Spinta works with following metadata:
Adding new manifest type¶
New manifests are added under spinta/manifests
directory.
components.py
file should contain your manifest class component, for example:
class MyManifest(Manifest):
type: str = 'my'
@staticmethod
def detect_from_path(path: str) -> bool:
return path.endswith('.my')
Manifests must implement following commands:
# commands/configure.py
from spinta import commands
from spinta.components import Context
from spinta.core.config import RawConfig
from spinta.manifests.my.components import MyManifest
@commands.configure.register(Context, MyManifest)
def configure(context: Context, manifest: MyManifest):
rc: RawConfig = context.get('rc')
manifest.path = rc.get('manifests', manifest.name, 'path')
# commands/load.py
from spinta import commands
from spinta.components import Context
from spinta.manifests.components import Manifest
from spinta.manifests.helpers import load_manifest_nodes
from spinta.manifests.my.components import MyManifest
from spinta.manifests.my.helpers import read_my_manifest
@commands.load.register(Context, MyManifest)
def load(
context: Context,
manifest: MyManifest,
*,
into: Manifest = None,
freezed: bool = True,
rename_duplicates: bool = False,
load_internal: bool = True,
):
if load_internal:
target = into or manifest
if '_schema' not in target.models:
store = context.get('store')
commands.load(context, store.internal, into=target)

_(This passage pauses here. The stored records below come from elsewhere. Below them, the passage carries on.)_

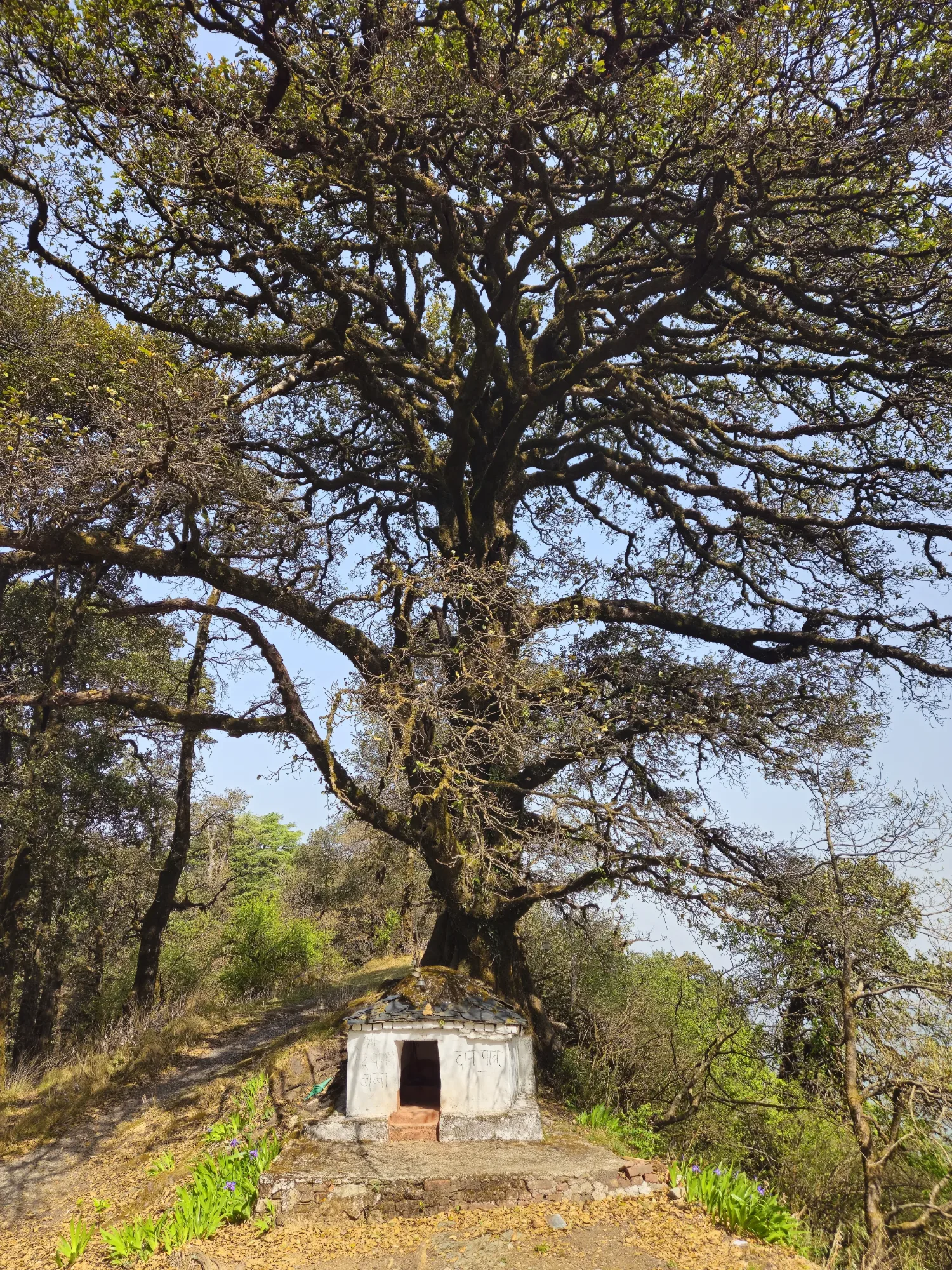 Cheena Peak Hike – Experience Nainital from Above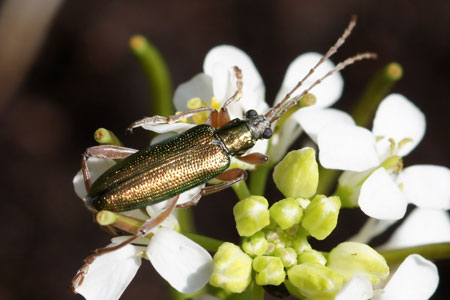 Rietkever  Donacia clavipes 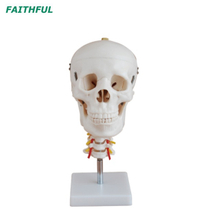 XC-135 Skull with Cervical Spine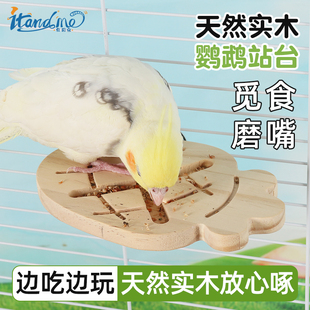 我和它鹦鹉玩具虎皮玄凤站台磨嘴站棍啃咬站板笼内装饰解闷自嗨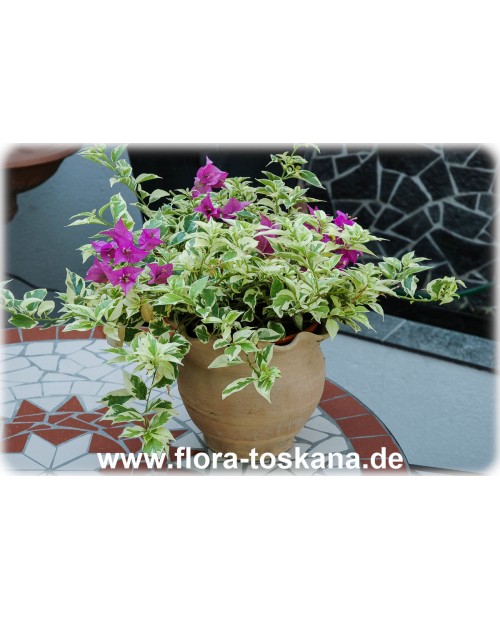 Bougainvillea glabra 'Variegata' - Bougainvillea, Drillingsblume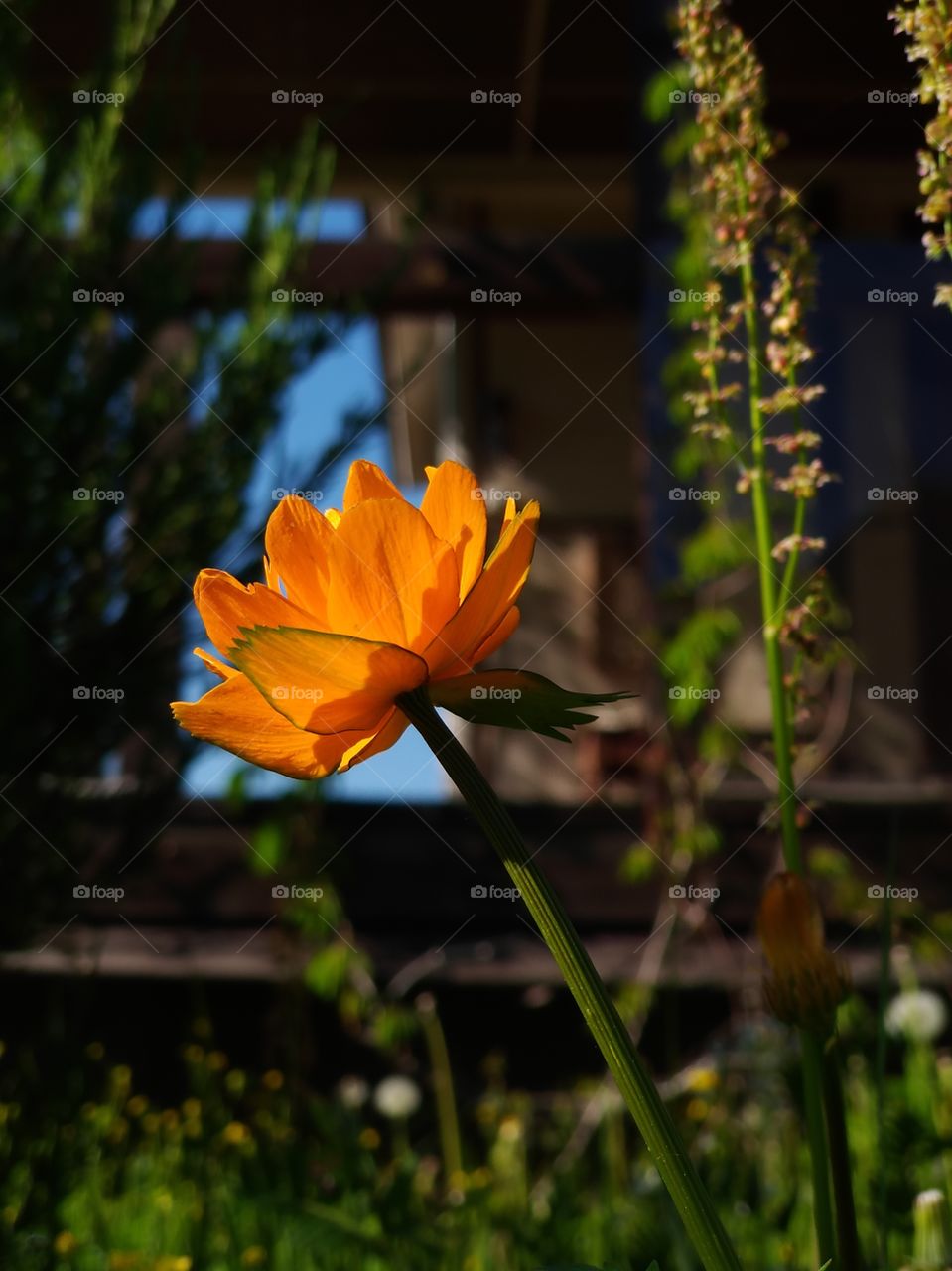 orange flower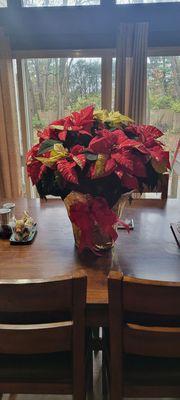 Poinsettia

if manifest.path is None and file is None:
return
schemas = read_my_manifest(manifest.path, rename_duplicates=rename_duplicates)
if into:
load_manifest_nodes(context, into, schemas, source=manifest)
else:
load_manifest_nodes(context, manifest, schemas)
for source in manifest.sync:
commands.load(
context, source,
into=into or manifest,
freezed=freezed,
rename_duplicates=rename_duplicates,
load_internal=load_internal,
)
Here, you need to implement read_my_manifest
function, which is responsible,
for producing iterator with following items:
(location, schema)
Here, location
should be a line number, database primary key or other
identifyer, where this manifest item can be located.
schema
is a dict, that must contain at least type
key. type
must be
defined in spinta.comfig:CONFIG['components']['nodes']
, which at the time of
writing this text, looks like this:
{
'ns': 'spinta.components:Namespace',
'dataset': 'spinta.datasets.components:Dataset',
'base': 'spinta.components:Base',
'model': 'spinta.components:Model',
}
Components can be added via configuration, for example, using environment variables:
SPINTA_COMPONENTS__NODES__MY=myproject.components:My
See Configuration for more information.
Each component, has schema
attrubute, where you can find, what can be used in
schema
for each type
.
Here is an example for type: model
:
from spinta.utils.schema import NA
{
'type': 'model',
'name': 'City',
'title': 'City',
'description': '',
'external': {
'dataset': 'example/dataset',
'resource': 'myres',
'pk': ['id'],
'name': 'my://cities',
'prepare': NA,
},
'properties': {
'id': {
'type': 'integer',
'type_args': None,
'required': True,
'unique': True,
'external': {
'name': 'ID',
'prepare': NA,
}
},
},
}
A good place too look for examples, whould be
spinta/manifests/tabular/helpers.py, look for *Reader
classes.
Once you produce schemas as described above, then load_manifest_nodes
function, will take care of everything else.